Short web captions
########################################

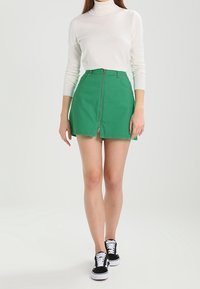 Minifalda de mezclilla verde con cremallera frontal, combinada con una blusa de manga larga blanca y zapatillas negras. Textura suave, diseño casual.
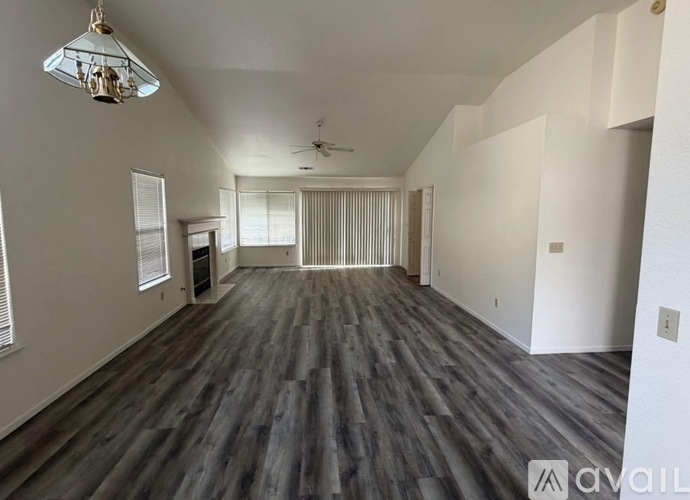 A spacious room with wood flooring and a ceiling fan.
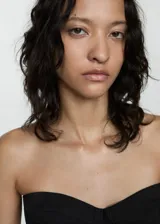 Top negro sin mangas con diseño ajustado y escote estructurado.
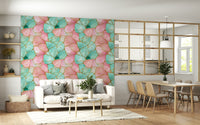 Luxurious wall covering with gilded gold details over pink and turquoise waves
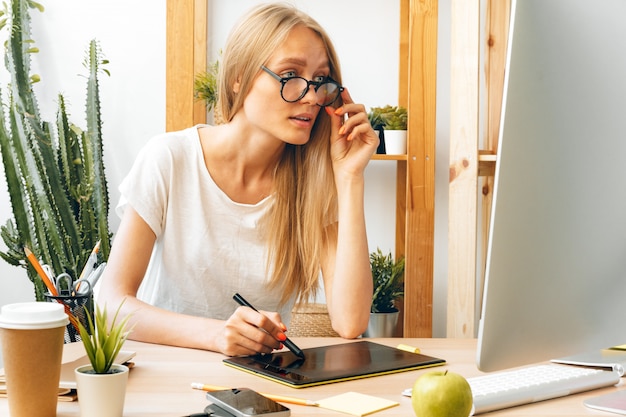 Jeune femme et tablette travaillant au bureau à domicile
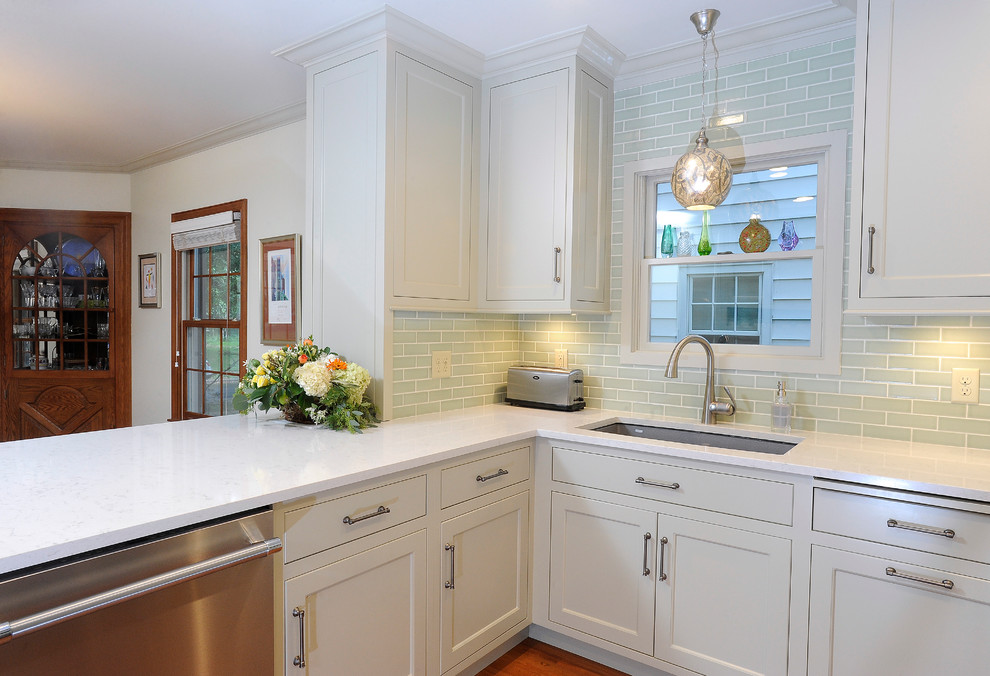 Eat-in kitchen - small transitional u-shaped medium tone wood floor eat-in kitchen idea with an undermount sink, flat-panel cabinets, gray cabinets, quartz countertops, green backsplash, subway tile backsplash, stainless steel appliances and a peninsula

########################################

# REQUIRED WORK
Each line from the one that holds "A spacious room" through the final line of the data must be retyped exactly; the pictures must not appear.

# ANSWER TO THIS EXERCISE
 A spacious room with wood flooring and a ceiling fan.
 Top negro sin mangas con diseño ajustado y escote estructurado.
 Luxurious wall covering with gilded gold details over pink and turquoise waves
 Jeune femme et tablette travaillant au bureau à domicile
 Eat-in kitchen - small transitional u-shaped medium tone wood floor eat-in kitchen idea with an undermount sink, flat-panel cabinets, gray cabinets, quartz countertops, green backsplash, subway tile backsplash, stainless steel appliances and a peninsula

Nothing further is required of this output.